L’armée et les paramilitaires qui se disputent le pouvoir au Soudan se sont mutuellement accusés jeudi de rompre une nouvelle trêve négociée par des médiateurs américains et saoudiens, trois jours après son entrée en vigueur.
La guerre qui a éclaté le 15 avril dans ce pays d’Afrique de l’Est a fait plus de 1800 morts, selon l’ONG ACLED, plus d’un million de déplacés et au moins 300.000 réfugiés, selon l’ONU. En conséquence, plus de 25 des 45 millions de Soudanais ont désormais besoin d’aide humanitaire pour survivre, selon l’ONU. Depuis l’entrée en vigueur de la trêve lundi soir, aucun couloir humanitaire n’a pu être sécurisé pour laisser partir les civils et acheminer l’aide humanitaire, selon des ONG. Dans la capitale Khartoum, la plupart des habitants vivent terrées chez eux par peur des combats et des balles perdues, souvent sans eau courante ni électricité et avec des réserves de nourriture et d’argent bientôt vides.
Dans la nuit de mercredi à jeudi, les paramilitaires des Forces de soutien rapide (FSR) du général Mohamed Hamdane Daglo ont accusé leur ennemi, l’armée du général Abdel Fattah al-Burhane. « Ils ont lancé une série d’attaques » et « nos forces les ont repoussés », abattant même « un avion de combat MiG », assure un de leurs communiqués. Jeudi, l’armée a répondu avoir « contré des attaques de blindés des milices du Soutien rapide en violation totale de la trêve ».
Sanctions et « mécanisme de surveillance » prévus
Les médiateurs saoudiens et américains, eux, se contentent de répéter depuis mercredi qu’ils ont transmis aux représentants des deux belligérants « des informations montrant qu’ils avaient violé » la trêve. Ces émissaires poursuivent leur discussions en Arabie saoudite. Si Washington a promis « des sanctions » et si l’accord prévoit un « mécanisme de surveillance », jusqu’ici aucune annonce n’a été faite à l’encontre d’un camp ou de l’autre.
Situation critique au Darfour
La situation est particulièrement critique au Darfour, la région de l’ouest frontalier du Tchad, déjà ravagée dans les années 2000 par une guerre particulièrement meurtrière. « Des gangs à moto empêchent fonctionnaires et civils de se déplacer pour mettre en place les mécanismes humanitaires prévus par le ‘‘cessez-le-feu temporaire’’ », affirme Toby Harward, du Haut-Commissariat de l’ONU pour les réfugiés. « La ville de Zalengei est assiégée par des milices armées ces derniers jours, sans aucun réseau de communication », ajoute-t-il. « Les bureaux de l’ONU, les administrations, les banques, des maisons auraient été pillés, les civils ne peuvent pas accéder aux établissements de santé qui sont visés », raconte-t-il encore.

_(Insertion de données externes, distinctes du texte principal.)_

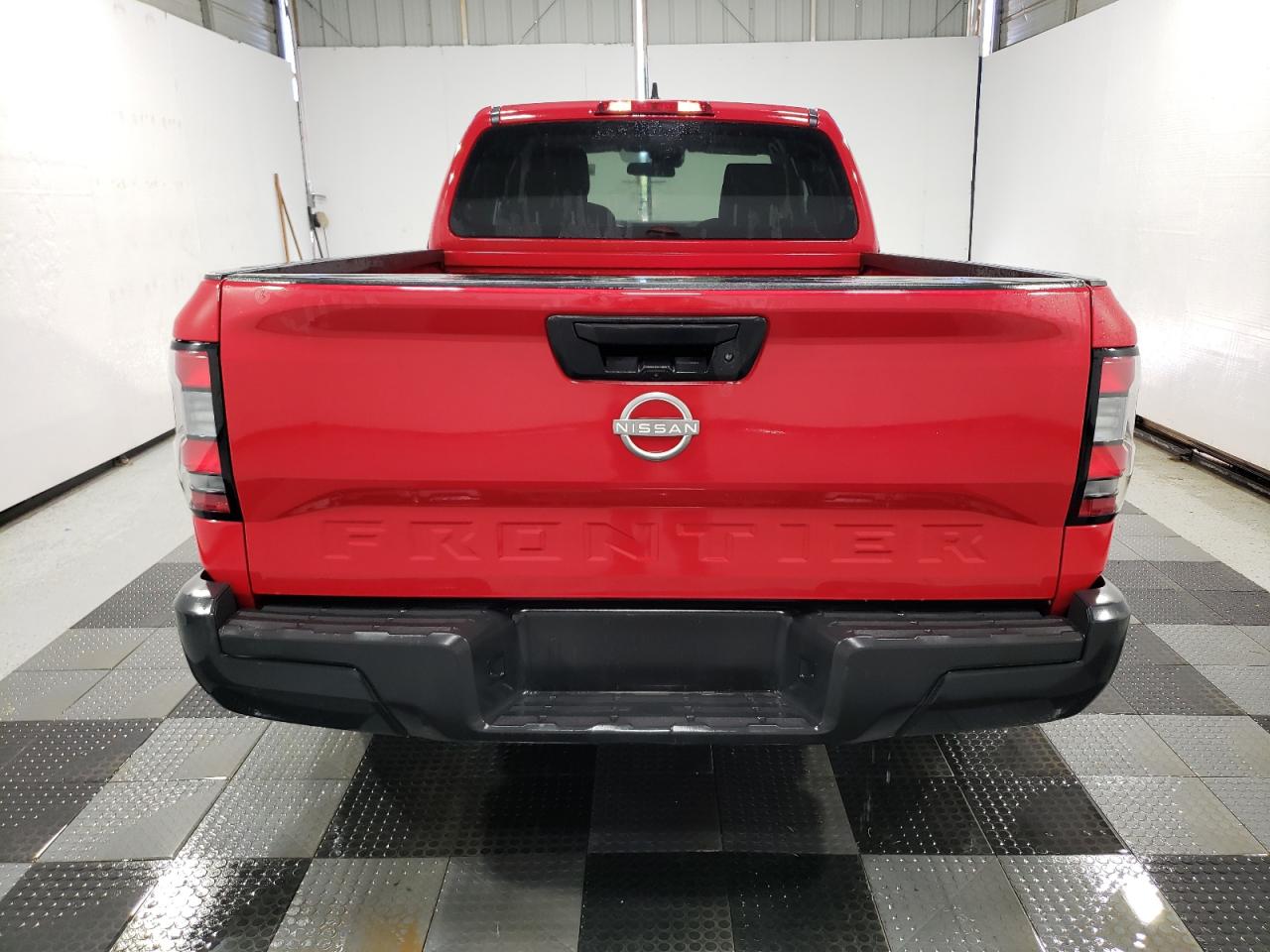 Nissan Frontier Sv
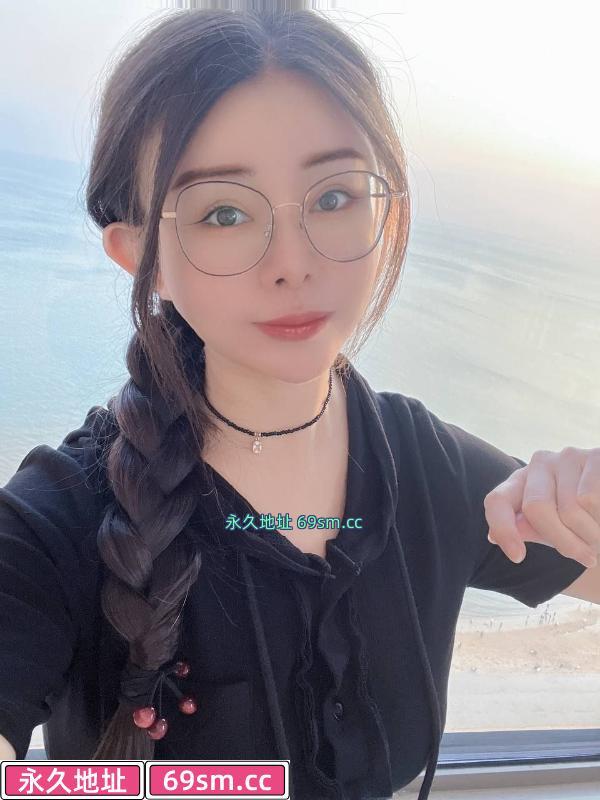 钟楼成熟长腿妞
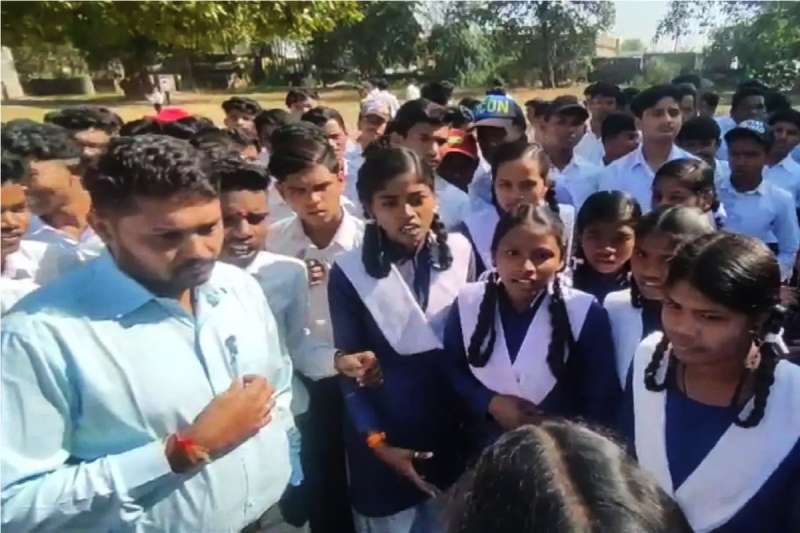 गुरुजी छात्रों को गलत तरीके से छूते हैं... प्रताड़ित करने का आरोप, बच्चों ने कलेक्टर से की शिकायत, जांच शुरू 6 गुरुजी छात्रों को गलत तरीके से छूते हैं प्रताड़ित करने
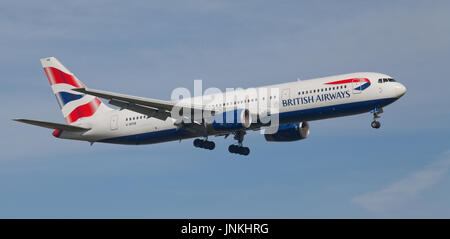 British Airways Boeing 767 G-BZHB im Endanflug auf den Flughafen London-Heathrow LHR Stockfoto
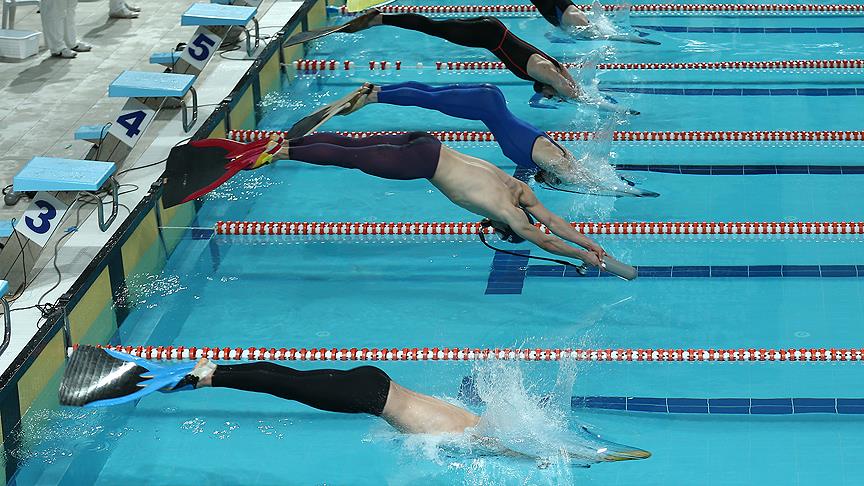 Paletli Yüzme Genç Milli Takımı, bayrak yarışında dünya şampiyonu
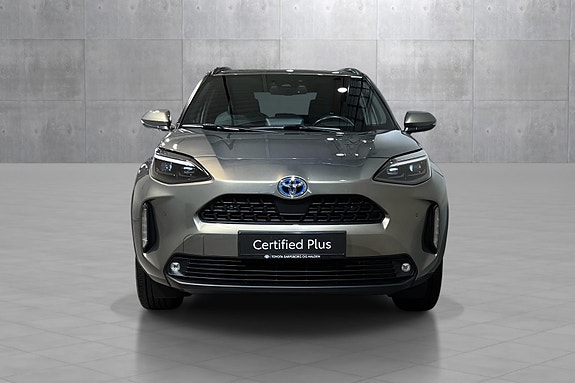 Toyota Yaris Cross 2 of 23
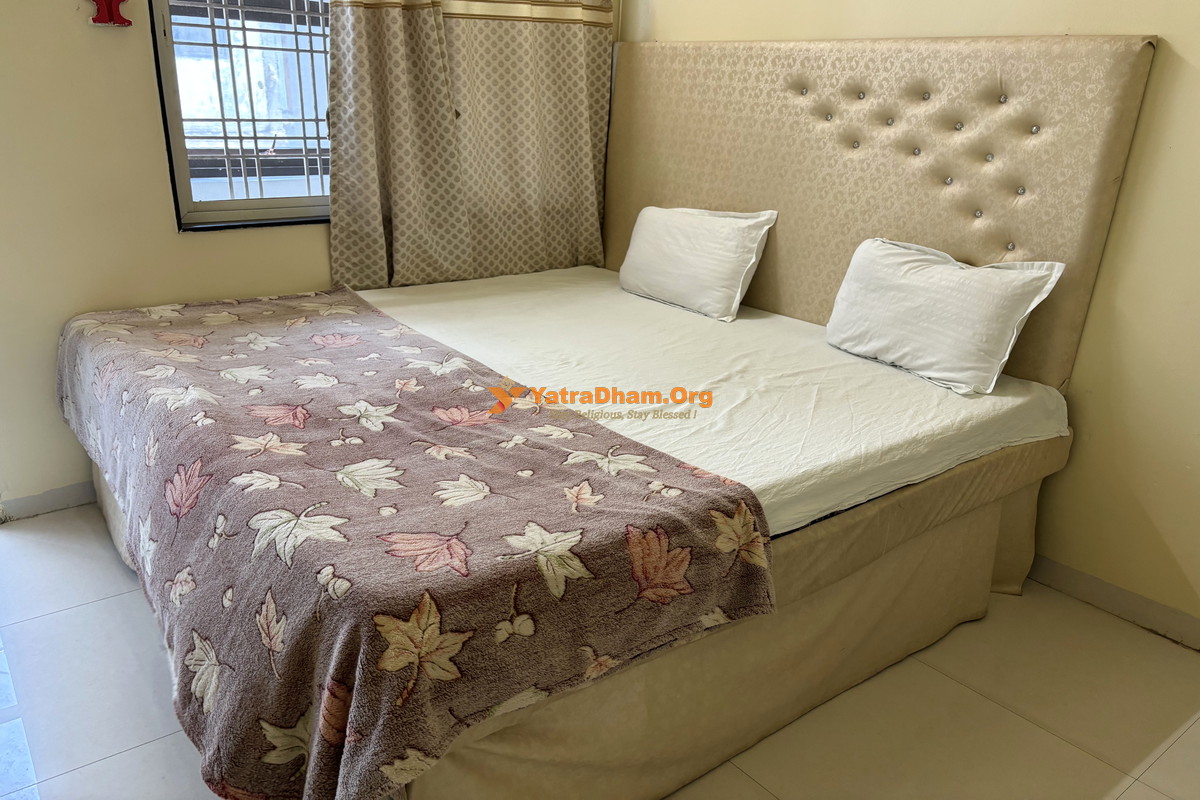 Bita Bhakt Niwas Tuljapur Room View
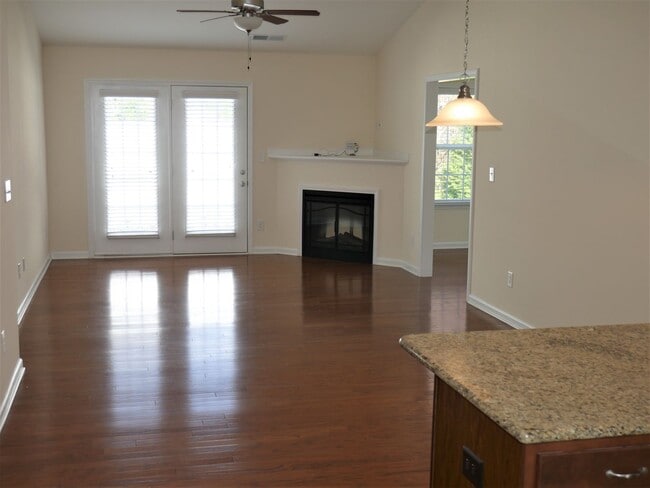 Foto del edificio - 3225 Hyde Pl Cir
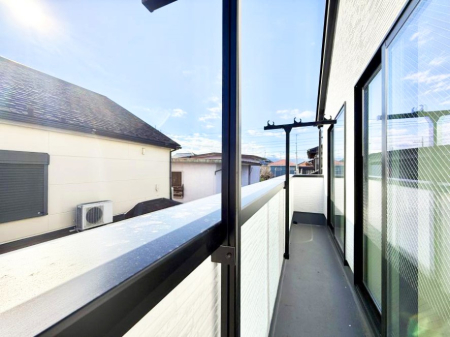 �o���R�j�[ ������ ���R��g�߂Ɋ�����A�J���I�ȃo���R�j�[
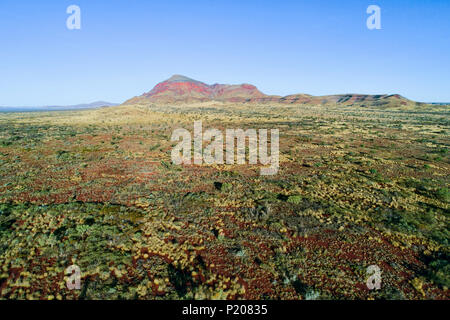 Vista aerea del monte Bruce nel paesaggio outback, Pilbara, Northwest Australia Foto Stock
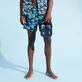 Piranhas Bade-Zehentrenner für Herren Marineblau Rückansicht getragen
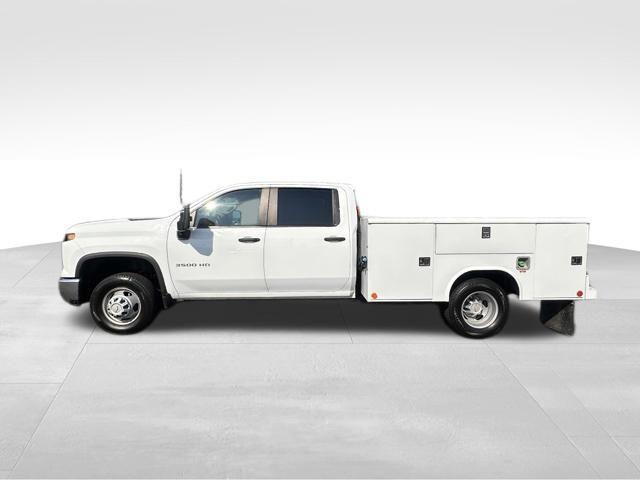 2024 Chevrolet Silverado 3500HD Chassis Work Truck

Un « échec calamiteux de la diplomatie »
Plus de 90.000 réfugiés sont déjà arrivés au Tchad, plus de 150.000 en Égypte, et le flux ne tarit pas, rapporte l’ONU qui s’attend à un million de réfugiés supplémentaires si la guerre ne s’arrête pas. Les deux généraux, eux, sont prêts pour une guerre de longue durée car ils sont certains de pouvoir l’emporter militairement et donc peu enclins à faire des concessions à la table des négociations, selon des experts.
Le conflit est né d’un « échec calamiteux de la diplomatie », estime le spécialiste du Soudan Alex de Waal. Les deux généraux étaient censés se retrouver le 15 avril pour s’accorder sur l’intégration des FSR à l’armée, condition sine qua non posée par la communauté internationale au retour à la transition démocratique et donc à la reprise de l’aide internationale, interrompue à la suite du putsch des deux généraux en 2021, qui étaient alors alliés.
Aujourd’hui, la quasi-totalité des diplomates ayant été évacués du Soudan, les acteurs mobilisés pour trouver une solution au conflit sont loin d’être des représentants du plus haut niveau, déplore M. de Waal, estimant que les médiateurs « tentent de colmater les brèches alors que le cyclone approche ».